Совсем другая история - стр. 11
Итак, почему так быстро меняется пространство? И случалось ли такое раньше? Что понял мой дед в те давние военные годы? Думаю, понял он ровно то, что и всякий другой, у кого на руках за короткое время умерли десятки изодранных железом родных сельских мужиков, наспех переодетых в мешковатые фуфайки и галифе. Понял он, что и сам едва не оказался там, куда прямо под окнами палаты везли и везли каждый день его отмаявшихся госпитальных соседей, как, случалось, возили их и раньше по красной улице села в аккурат к «обчему двору» в ледник, где до прихода большевиков сельчане хранили артельное мясо и молоко. «Красный террор»! Разумеется, в голове у единицы такой варварский «проект» вызреть не мог, только коллективный разум «рождает чудовищ»: царскую семью убивали взводом, зажиточных крестьян Юга – армией Тухачевского, русское казачество – фронтом Троцкого. При этом окрестные пространства менялись в считанные дни: «Четвёртые сутки пылают станицы…». Коллегиально можно «истратить» на лоне земном не только крестьянские избы, но и престольные храмы, не только станицы, но и целые города, не только отдельные области (Костромскую, например), но и целые страны. «Единица, кому она нужна? – вопрошал моего деда с односельчанами глашатай Революции и, сам же отвечая, убеждал доверчивых мужиков учиться жить чужим умом: «А если в партию сгрудились малые, сдайся враг, замри и ляг!». Это так вдохновило отца народов, что почти все его подданные, как говорится, замерли и легли. Именно это дед мой и понял, когда после недели пребывания на передовой под Можайском больше года лежал в госпиталях, а, едва поднявшись, вернулся хромым и одноруким в обнищавшее село – кормить свою большую оголодавшую без него семью …

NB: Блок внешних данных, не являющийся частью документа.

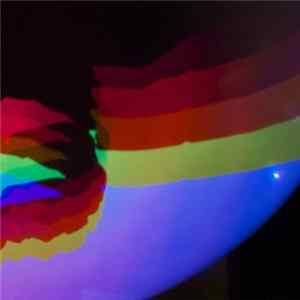 Outer Space - Gemini Suite FLAC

Впрочем, справедливости ради заметим, что не все и не сразу вот так взяли замерли и легли. До массовых посадок ещё встречались коллективы, представители которых с вызовом предлагали Поэту: «А Вы прочтите свою поэму «Хорошо – с!». Не оттого ли и пальнул в себя из браунинга, что поэтический порыв – одно, а вот противостоять в реальном времени «спаянному коллективу» – совсем другое. Да и моё село долго противостояло сжимающемуся окрест пространству. Помню, как деда едва не посадили в шестидесятые за то, что он прирезал к огороду по метру – полтора с каждой стороны. Не из корысти прирезал, а просто так было удобней – поставить новый забор вместо прогнившего, зацепив десяток квадратов бестолково пустовавшей кругом земли. Но большевики и через пятьдесят лет после своей победы упрямо продолжали бороться за сплачивающую бедность и полную победу над корыстным единоличником. «Вступай в колхоз. Там поглядим!» – оправдывали свою нелепую на нашей пустоши «принципиальность» районные землемеры. Но дед с фронта и до самой смерти так и остался «боевой единицей», то есть одноруким частником, который так и не снял со стен портретов Бухарина и Чаянова, истреблённых разоблачителями уклонов за крамольное учение о «мирном врастании кулака в социализм».